March 25, 2024
The lack of tails in humans, which are a characteristic peculiar to most vertebrate animals, has always been an enigma for scientists.
According to CNN, although tails provide a wide range of functions including balance and communication, humans and their closest relatives among the apes, the great apes, separated ways from the rest of the primates around 25 million years ago, forgoing the feature.
Although formerly linked to the change to bipedalism, these genetic prompts in a primate taillessness had been obscure.

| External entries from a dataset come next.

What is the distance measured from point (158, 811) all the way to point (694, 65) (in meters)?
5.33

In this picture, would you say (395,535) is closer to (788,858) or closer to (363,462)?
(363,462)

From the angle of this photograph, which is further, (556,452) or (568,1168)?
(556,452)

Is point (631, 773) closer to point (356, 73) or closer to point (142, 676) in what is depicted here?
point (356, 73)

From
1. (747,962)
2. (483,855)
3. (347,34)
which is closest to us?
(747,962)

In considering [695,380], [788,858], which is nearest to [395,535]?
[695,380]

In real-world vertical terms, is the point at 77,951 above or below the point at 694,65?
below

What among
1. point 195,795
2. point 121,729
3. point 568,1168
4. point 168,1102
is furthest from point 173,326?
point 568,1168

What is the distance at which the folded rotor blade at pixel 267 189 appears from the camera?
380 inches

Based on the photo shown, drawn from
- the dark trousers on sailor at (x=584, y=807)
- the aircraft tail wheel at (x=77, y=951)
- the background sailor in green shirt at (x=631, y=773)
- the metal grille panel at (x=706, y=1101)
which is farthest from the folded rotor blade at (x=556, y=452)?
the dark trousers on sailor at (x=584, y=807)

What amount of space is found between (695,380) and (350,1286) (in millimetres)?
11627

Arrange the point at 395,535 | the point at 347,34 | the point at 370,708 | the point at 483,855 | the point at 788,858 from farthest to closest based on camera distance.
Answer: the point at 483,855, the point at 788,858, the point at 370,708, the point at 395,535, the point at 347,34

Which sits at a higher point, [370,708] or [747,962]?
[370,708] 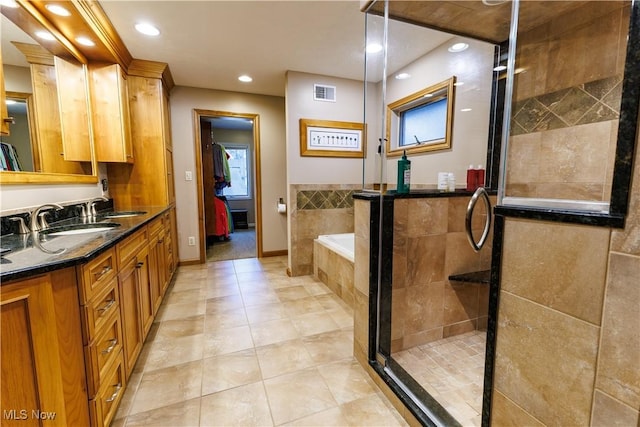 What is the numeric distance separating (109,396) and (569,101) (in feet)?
9.33

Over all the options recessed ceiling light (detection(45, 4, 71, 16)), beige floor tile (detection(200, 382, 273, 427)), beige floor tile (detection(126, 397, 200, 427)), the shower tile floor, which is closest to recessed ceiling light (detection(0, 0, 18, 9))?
recessed ceiling light (detection(45, 4, 71, 16))

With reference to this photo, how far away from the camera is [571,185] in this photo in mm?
1494

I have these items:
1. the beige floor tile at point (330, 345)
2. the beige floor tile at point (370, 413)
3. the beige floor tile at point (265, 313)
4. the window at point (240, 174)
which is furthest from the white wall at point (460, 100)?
the window at point (240, 174)

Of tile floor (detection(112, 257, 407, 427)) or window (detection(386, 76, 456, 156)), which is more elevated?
window (detection(386, 76, 456, 156))

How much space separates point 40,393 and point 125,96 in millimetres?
2739

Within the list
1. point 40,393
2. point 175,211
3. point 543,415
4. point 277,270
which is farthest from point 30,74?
point 543,415

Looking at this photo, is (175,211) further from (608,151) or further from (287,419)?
(608,151)

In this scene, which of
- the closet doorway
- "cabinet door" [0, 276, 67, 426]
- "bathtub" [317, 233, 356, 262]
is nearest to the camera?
"cabinet door" [0, 276, 67, 426]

In contrast to their years of research showing that the sequence Alu element is non-functional or "junk DNA," researchers identified it as critical to this phenomenon in a groundbreaking study.
Through their study, they found that the Alu element's insertion is only exclusive to hominoids (great apes and humans), which is responsible for tail length. Through gene editing in mice during a four-year time period, scientists have demonstrated that Alu insertions into TBXT alter protein production which results in individual variations in tail length.
Lead author of the study, Bo Xia, a fellow of the Broad Institute of MIT and Harvard University, emphasized the importance of this finding which is the first genetic explanation for human and great ape tail loss. This particular Alu element out of millions in the human DNA caught my attention for the possible effect it would have on the TBXT gene function.
However, beside making the genetic basis of tail loss visible, the experiment may have implications for human fetal development, especially for neural tube defects like spina bifida.
The results upset notions of "junk DNA" and emphasize the dynamic interactions between genes, development, and evolutionary processes in shaping the human traits.